== ENTRIES PROVIDED ==
== == ==

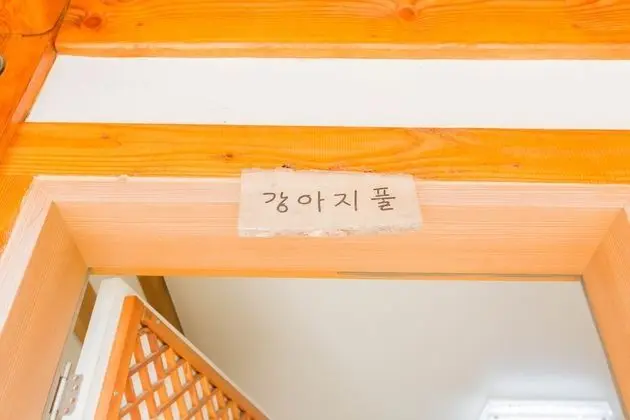 Standard Oda (Gangajipul)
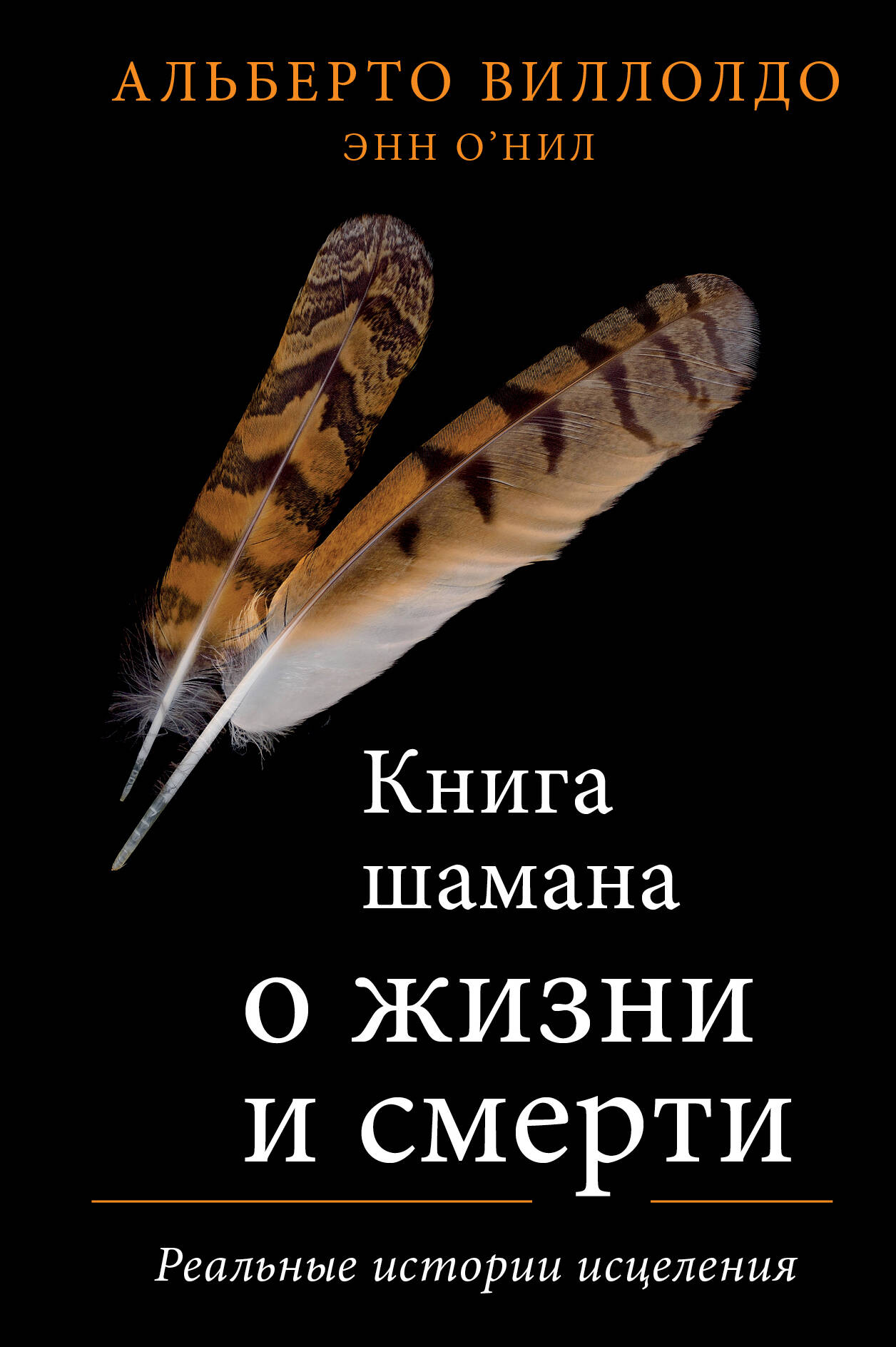 Книга шамана о жизни и смерти. Реальные истории исцеления
Книга шамана о жизни и смерти. Реальные истории исцеления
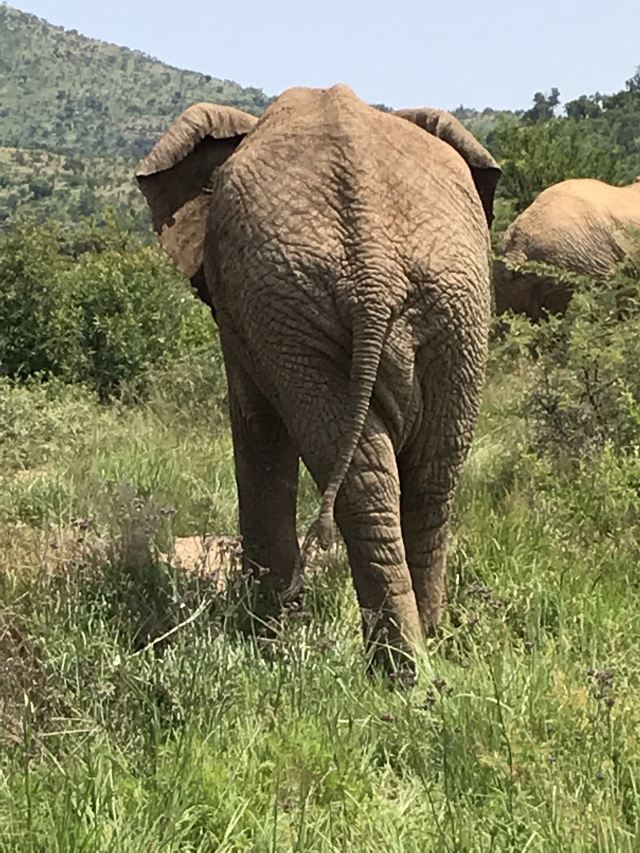 Johannesburg Zoo
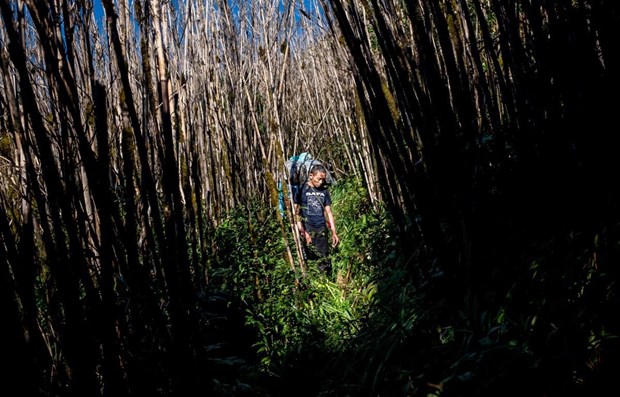 First Vietnamese joins World Press Photo Contest jury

== == ==

== WHAT THE EXERCISE ASKS ==
The copy should hold every entry above word for word and none of the pictures.

== REPLY TO THE EXERCISE ==
 Standard Oda (Gangajipul)
 Книга шамана о жизни и смерти. Реальные истории исцеления
Книга шамана о жизни и смерти. Реальные истории исцеления
 Johannesburg Zoo
 First Vietnamese joins World Press Photo Contest jury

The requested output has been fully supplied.